Sir,—The speech of the Prime Minister at the Guildhall contains a paragraph which will be read with a sense of relief by those who, like myself, have all along viewed with surprise and apprehension The Hague proposals for an international prize Court.

Sir H. Campbell-Bannerman admits that "it is desirable, and it may be essential, that, before legislation can be undertaken to make such a Court effective, the leading maritime nations should come to an agreement as to the rules regarding some of the more important subjects of warfare which are to be administered by the Court"; and his subsequent eulogy of the Court presupposes that it is provided with "a body of rules which has received the sanction of the great maritime Powers." What is said as to the necessary postponement of any legislation in the sense of The Hague Convention must, of course, apply a fortiori to the ratification of the Convention.

We have here, for the first time, an authoritative repudiation of the notion that fifteen gentlemen of mixed nationality composing an international prize Court, are to be let loose to "make law," in accordance with what may happen to be their conceptions of "justice and equity." It seems at last to be recognised that such a Court cannot be set to work unless, and until, the great maritime Powers shall have come to an agreement upon the rules of law which the Court is to administer.

I may add that it is surely too much to expect that the rules in question will be discussed by the Powers, to [190]use Sir H. Campbell-Bannerman's phrase, "without any political arrière pensêe." Compromise between opposing political interests must ever remain one of the most important factors in the development of the law of nations.

I am, Sir, your obedient servant,

T. E. HOLLAND

Oxford, November 11 (1907).

Although the establishment of an International Prize Court of Appeal was not one of the topics included in the programme of the Russian invitation; to a second Peace Conference, no objection was made to its being taken into consideration, when proposals to that effect were made by the British and American delegates to the Conference.
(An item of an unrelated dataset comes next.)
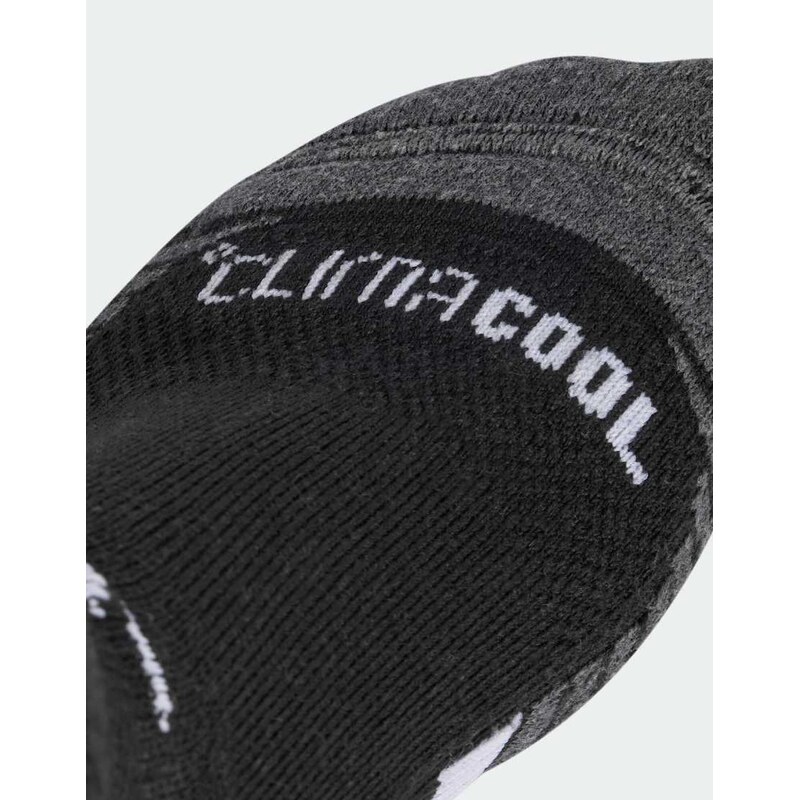 adidas performance Performance climacool cushioned low socks 3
The idea seems first to have been suggested by Hübner, who proposed to confer jurisdiction in cases of neutral prize on Courts composed of ministers or consuls, accredited by neutrals to the belligerents, together with commissioners appointed by the Sovereign of the captors or of the country to which the prize has been brought, as also, perhaps, "des personnes pleines de probité et de connaissances dans tout ce qui concerne les Loix des Nations et les Traités des Puissances modernes." The Court is to decide in accordance with treaties, "ou, à leur défaut, la loi universelle des nations." De la Saisie des Bâtiments neutres (1759), ii. pp. 45-61. The Institut de Droit International, after discussions extending over several years, accepted the principle of an International Court of Appeal, though only in combination with a complete scheme of prize law, in its Code des Prises maritimes, completed in 1887, section 100.